- _Task description_: The full listing should be transcribed verbatim.

- _Provided material_:
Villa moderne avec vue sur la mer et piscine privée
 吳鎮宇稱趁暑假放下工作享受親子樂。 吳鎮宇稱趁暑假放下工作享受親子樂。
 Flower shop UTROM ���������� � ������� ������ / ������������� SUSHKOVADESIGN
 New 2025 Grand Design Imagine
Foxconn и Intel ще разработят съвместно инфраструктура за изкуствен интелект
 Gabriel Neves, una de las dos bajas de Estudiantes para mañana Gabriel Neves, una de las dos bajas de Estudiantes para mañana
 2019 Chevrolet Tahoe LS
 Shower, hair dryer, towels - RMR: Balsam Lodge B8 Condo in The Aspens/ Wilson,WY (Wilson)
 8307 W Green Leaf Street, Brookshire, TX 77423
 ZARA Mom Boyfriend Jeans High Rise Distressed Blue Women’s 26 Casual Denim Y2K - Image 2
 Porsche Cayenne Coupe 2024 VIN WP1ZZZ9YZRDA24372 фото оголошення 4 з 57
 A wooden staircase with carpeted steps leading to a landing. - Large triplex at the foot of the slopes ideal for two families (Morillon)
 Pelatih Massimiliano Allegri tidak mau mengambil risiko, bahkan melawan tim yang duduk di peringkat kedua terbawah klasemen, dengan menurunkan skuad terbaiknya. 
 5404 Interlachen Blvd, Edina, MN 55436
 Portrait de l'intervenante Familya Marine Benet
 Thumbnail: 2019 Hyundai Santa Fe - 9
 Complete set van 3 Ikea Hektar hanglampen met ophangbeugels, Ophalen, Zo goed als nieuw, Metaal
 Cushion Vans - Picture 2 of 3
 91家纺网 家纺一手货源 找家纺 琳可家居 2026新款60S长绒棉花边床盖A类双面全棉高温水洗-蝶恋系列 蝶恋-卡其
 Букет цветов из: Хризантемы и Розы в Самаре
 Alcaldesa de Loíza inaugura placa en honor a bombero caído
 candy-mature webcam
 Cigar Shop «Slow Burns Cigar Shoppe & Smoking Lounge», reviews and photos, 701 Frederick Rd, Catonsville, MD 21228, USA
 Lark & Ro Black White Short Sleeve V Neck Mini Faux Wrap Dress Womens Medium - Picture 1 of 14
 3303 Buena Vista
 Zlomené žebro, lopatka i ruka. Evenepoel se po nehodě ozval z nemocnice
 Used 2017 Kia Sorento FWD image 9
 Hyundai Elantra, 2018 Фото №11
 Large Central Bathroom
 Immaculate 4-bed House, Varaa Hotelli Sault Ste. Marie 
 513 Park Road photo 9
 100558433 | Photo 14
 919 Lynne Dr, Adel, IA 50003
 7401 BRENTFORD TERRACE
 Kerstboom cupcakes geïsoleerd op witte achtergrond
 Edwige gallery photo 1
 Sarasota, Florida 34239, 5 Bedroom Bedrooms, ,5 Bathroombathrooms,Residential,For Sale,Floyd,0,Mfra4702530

- _Exercise answer_:
Villa moderne avec vue sur la mer et piscine privée
 吳鎮宇稱趁暑假放下工作享受親子樂。 吳鎮宇稱趁暑假放下工作享受親子樂。
 Flower shop UTROM ���������� � ������� ������ / ������������� SUSHKOVADESIGN
 New 2025 Grand Design Imagine
Foxconn и Intel ще разработят съвместно инфраструктура за изкуствен интелект
 Gabriel Neves, una de las dos bajas de Estudiantes para mañana Gabriel Neves, una de las dos bajas de Estudiantes para mañana
 2019 Chevrolet Tahoe LS
 Shower, hair dryer, towels - RMR: Balsam Lodge B8 Condo in The Aspens/ Wilson,WY (Wilson)
 8307 W Green Leaf Street, Brookshire, TX 77423
 ZARA Mom Boyfriend Jeans High Rise Distressed Blue Women’s 26 Casual Denim Y2K - Image 2
 Porsche Cayenne Coupe 2024 VIN WP1ZZZ9YZRDA24372 фото оголошення 4 з 57
 A wooden staircase with carpeted steps leading to a landing. - Large triplex at the foot of the slopes ideal for two families (Morillon)
 Pelatih Massimiliano Allegri tidak mau mengambil risiko, bahkan melawan tim yang duduk di peringkat kedua terbawah klasemen, dengan menurunkan skuad terbaiknya. 
 5404 Interlachen Blvd, Edina, MN 55436
 Portrait de l'intervenante Familya Marine Benet
 Thumbnail: 2019 Hyundai Santa Fe - 9
 Complete set van 3 Ikea Hektar hanglampen met ophangbeugels, Ophalen, Zo goed als nieuw, Metaal
 Cushion Vans - Picture 2 of 3
 91家纺网 家纺一手货源 找家纺 琳可家居 2026新款60S长绒棉花边床盖A类双面全棉高温水洗-蝶恋系列 蝶恋-卡其
 Букет цветов из: Хризантемы и Розы в Самаре
 Alcaldesa de Loíza inaugura placa en honor a bombero caído
 candy-mature webcam
 Cigar Shop «Slow Burns Cigar Shoppe & Smoking Lounge», reviews and photos, 701 Frederick Rd, Catonsville, MD 21228, USA
 Lark & Ro Black White Short Sleeve V Neck Mini Faux Wrap Dress Womens Medium - Picture 1 of 14
 3303 Buena Vista
 Zlomené žebro, lopatka i ruka. Evenepoel se po nehodě ozval z nemocnice
 Used 2017 Kia Sorento FWD image 9
 Hyundai Elantra, 2018 Фото №11
 Large Central Bathroom
 Immaculate 4-bed House, Varaa Hotelli Sault Ste. Marie 
 513 Park Road photo 9
 100558433 | Photo 14
 919 Lynne Dr, Adel, IA 50003
 7401 BRENTFORD TERRACE
 Kerstboom cupcakes geïsoleerd op witte achtergrond
 Edwige gallery photo 1
 Sarasota, Florida 34239, 5 Bedroom Bedrooms, ,5 Bathroombathrooms,Residential,For Sale,Floyd,0,Mfra4702530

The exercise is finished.